#### About this task:
Your answer should hold the data exactly as given, minus any picture.

#### Collected data:
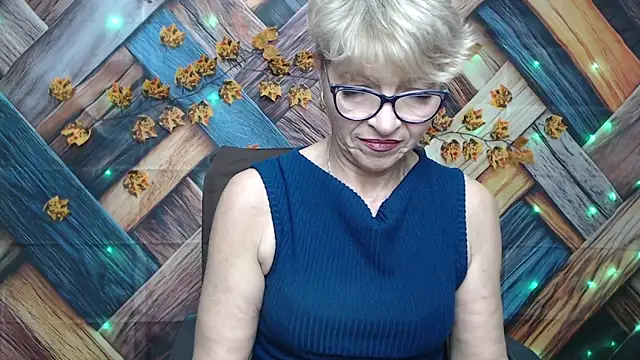 Snapshot of EllaBonito chatting on 26, 11, 2025 EllaBonito online show from 26, 11, 2025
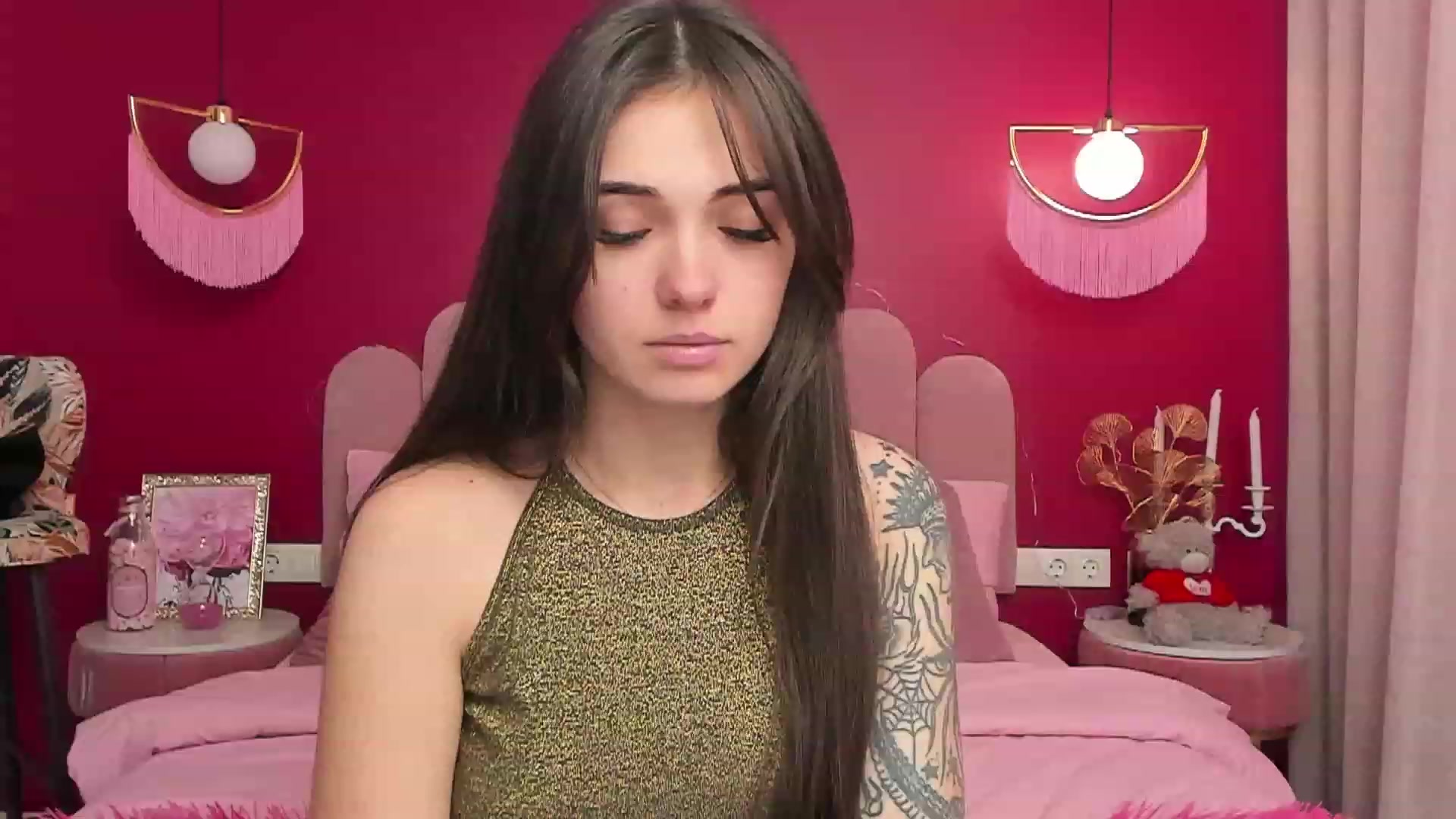 Gallery image thumbnail from AmeliaMFC's myfreecams stream on, 02/02/2023, 11:16 image 10 of 20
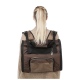 Eine Frau mit langen blonden Haaren trägt einen braunen Haustiertrage-Rucksack, der mit Netzpaneelen und mehreren Reißverschlusstaschen ausgestattet ist.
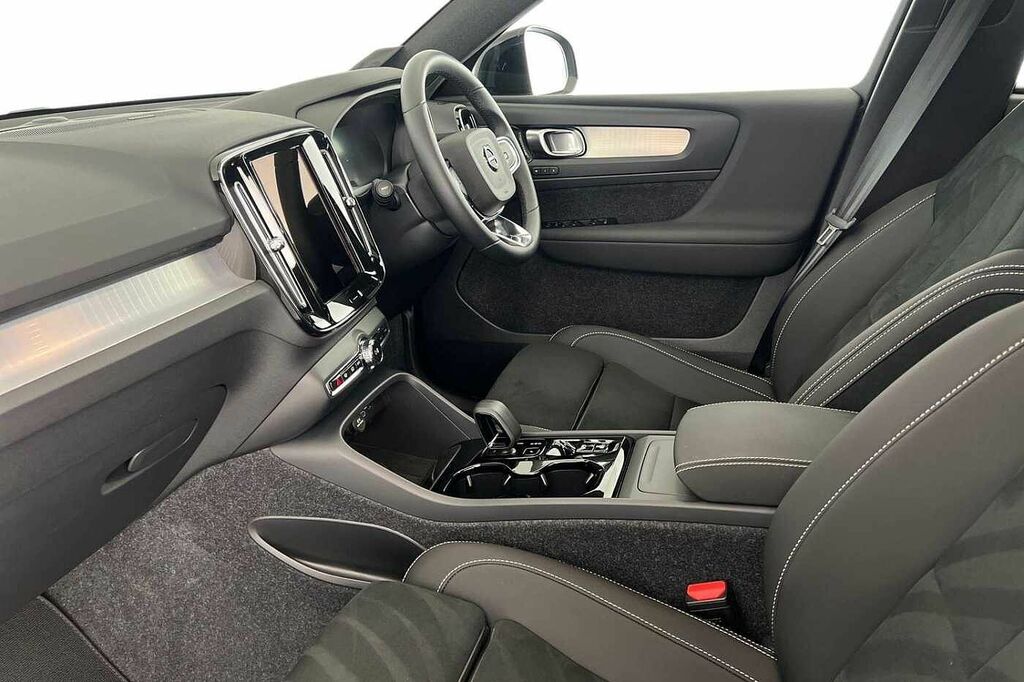 Volvo XC40 Black Edition Ultra, B4 Mild Hybrid, OE75YTH Black #4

#### Response to this exercise:
 Snapshot of EllaBonito chatting on 26, 11, 2025 EllaBonito online show from 26, 11, 2025
 Gallery image thumbnail from AmeliaMFC's myfreecams stream on, 02/02/2023, 11:16 image 10 of 20
 Eine Frau mit langen blonden Haaren trägt einen braunen Haustiertrage-Rucksack, der mit Netzpaneelen und mehreren Reißverschlusstaschen ausgestattet ist.
 Volvo XC40 Black Edition Ultra, B4 Mild Hybrid, OE75YTH Black #4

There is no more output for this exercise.